**Provided records**
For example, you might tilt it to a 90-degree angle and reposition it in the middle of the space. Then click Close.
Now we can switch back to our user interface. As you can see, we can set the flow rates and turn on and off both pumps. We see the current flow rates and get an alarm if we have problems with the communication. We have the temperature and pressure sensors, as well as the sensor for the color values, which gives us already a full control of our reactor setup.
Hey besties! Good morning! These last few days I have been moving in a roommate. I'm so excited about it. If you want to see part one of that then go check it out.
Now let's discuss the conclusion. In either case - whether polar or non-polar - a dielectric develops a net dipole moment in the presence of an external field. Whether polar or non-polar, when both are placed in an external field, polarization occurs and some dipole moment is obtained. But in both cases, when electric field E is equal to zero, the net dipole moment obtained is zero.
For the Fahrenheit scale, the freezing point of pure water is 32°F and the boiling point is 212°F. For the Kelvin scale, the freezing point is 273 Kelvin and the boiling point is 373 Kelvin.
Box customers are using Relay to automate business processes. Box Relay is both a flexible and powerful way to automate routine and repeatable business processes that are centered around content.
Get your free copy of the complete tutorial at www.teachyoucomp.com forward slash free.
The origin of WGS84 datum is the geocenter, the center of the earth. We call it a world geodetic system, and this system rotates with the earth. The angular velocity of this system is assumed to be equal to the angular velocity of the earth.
==
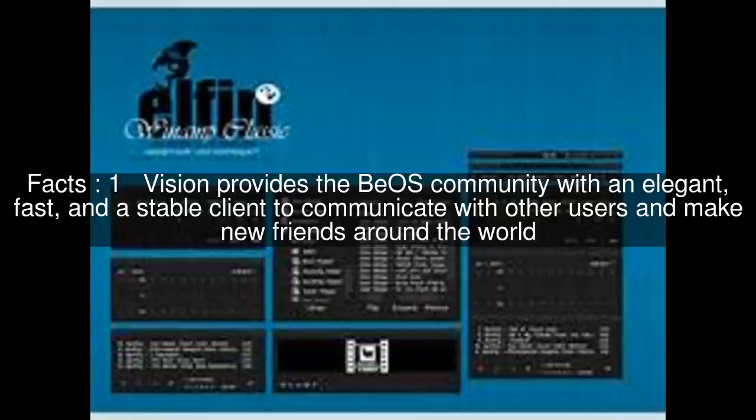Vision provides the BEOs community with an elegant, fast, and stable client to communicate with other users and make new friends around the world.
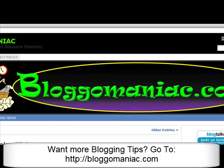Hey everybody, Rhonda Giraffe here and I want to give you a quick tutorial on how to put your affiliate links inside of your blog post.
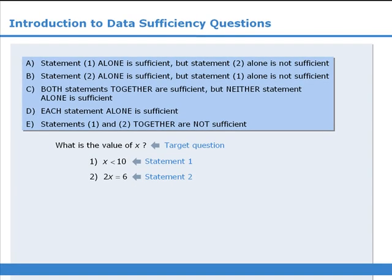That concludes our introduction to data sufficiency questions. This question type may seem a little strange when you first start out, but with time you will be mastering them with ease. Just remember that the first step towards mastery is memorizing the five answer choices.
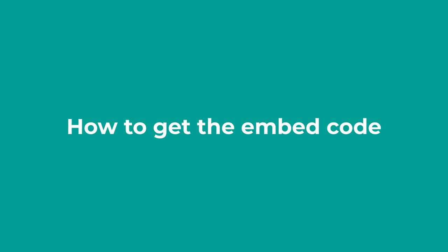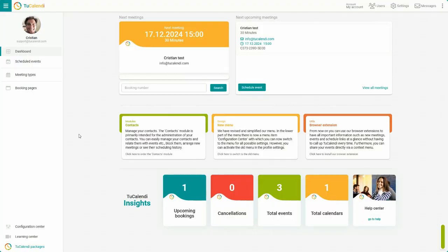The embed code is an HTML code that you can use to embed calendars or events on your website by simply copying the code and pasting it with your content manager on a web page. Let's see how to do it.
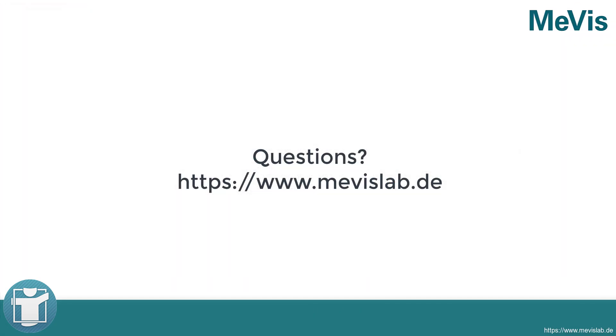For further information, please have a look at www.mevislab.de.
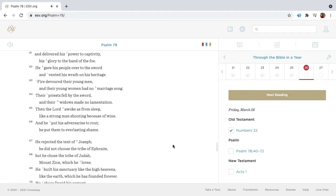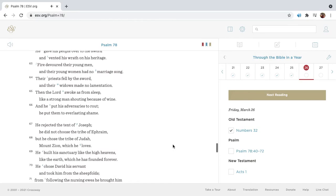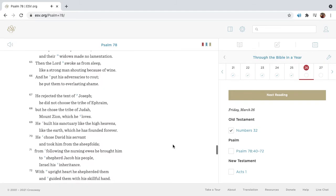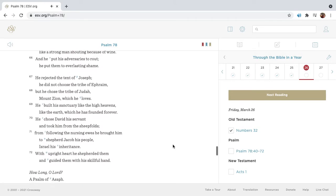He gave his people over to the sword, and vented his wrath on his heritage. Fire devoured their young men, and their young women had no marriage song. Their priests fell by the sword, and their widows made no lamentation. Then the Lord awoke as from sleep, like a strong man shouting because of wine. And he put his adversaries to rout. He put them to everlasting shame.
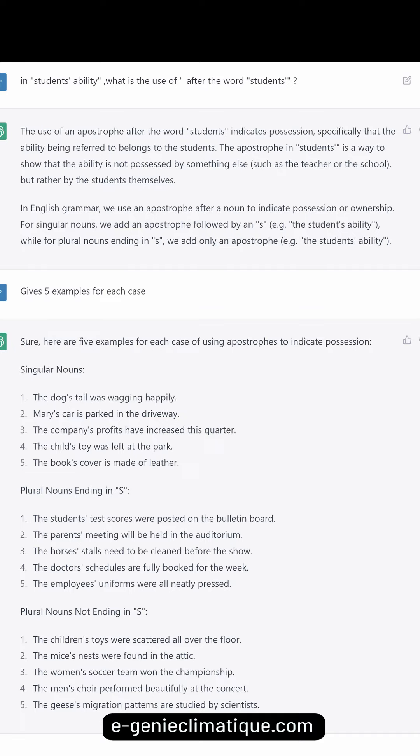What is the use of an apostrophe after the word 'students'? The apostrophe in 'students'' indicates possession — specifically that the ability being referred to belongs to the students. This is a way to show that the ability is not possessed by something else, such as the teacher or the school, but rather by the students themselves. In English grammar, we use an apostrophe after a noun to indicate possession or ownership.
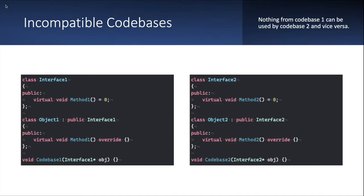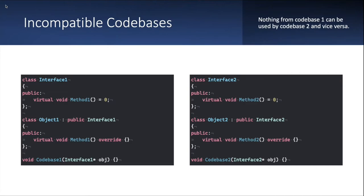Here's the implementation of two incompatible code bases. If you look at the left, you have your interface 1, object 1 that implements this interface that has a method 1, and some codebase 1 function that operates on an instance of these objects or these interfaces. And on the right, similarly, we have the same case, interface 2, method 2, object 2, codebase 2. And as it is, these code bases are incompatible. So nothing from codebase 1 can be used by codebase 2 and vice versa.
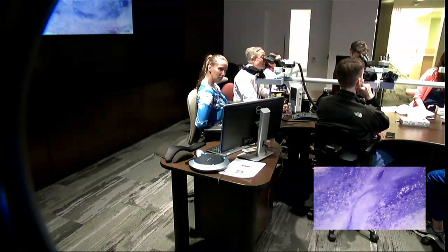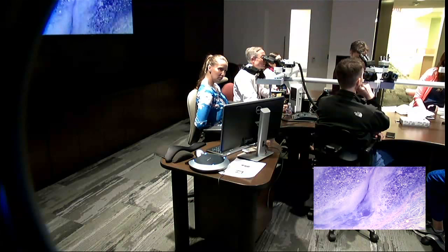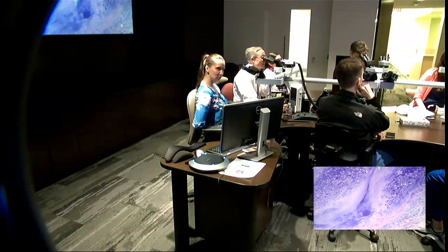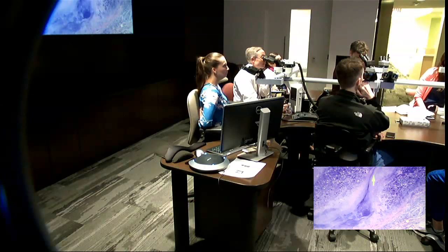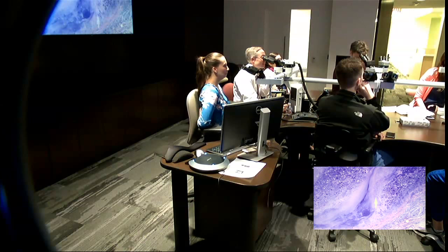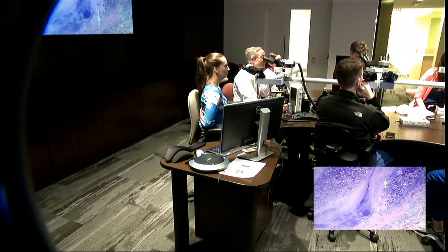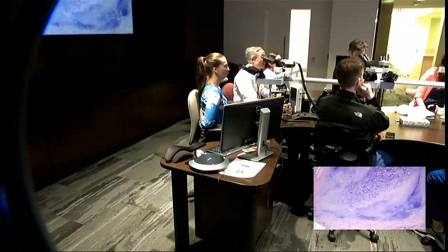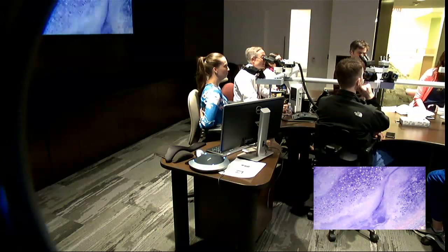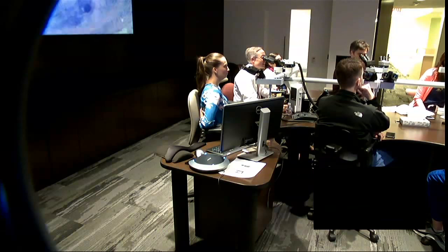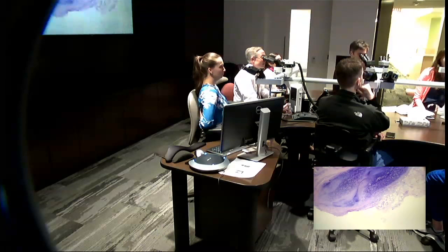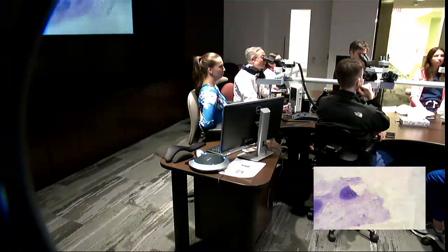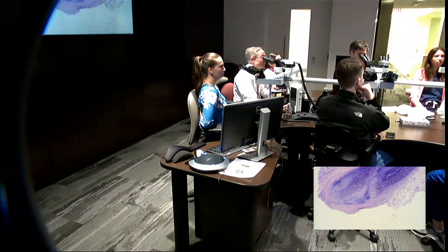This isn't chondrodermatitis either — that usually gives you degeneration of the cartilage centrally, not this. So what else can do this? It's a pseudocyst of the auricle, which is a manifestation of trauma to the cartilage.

**Activity**
Each line above from the one with "For example, you" up to and including the one with "Now we can switch" must be set down exactly, and no line outside that span may appear.

**Task result**
For example, you might tilt it to a 90-degree angle and reposition it in the middle of the space. Then click Close.
Now we can switch back to our user interface. As you can see, we can set the flow rates and turn on and off both pumps. We see the current flow rates and get an alarm if we have problems with the communication. We have the temperature and pressure sensors, as well as the sensor for the color values, which gives us already a full control of our reactor setup.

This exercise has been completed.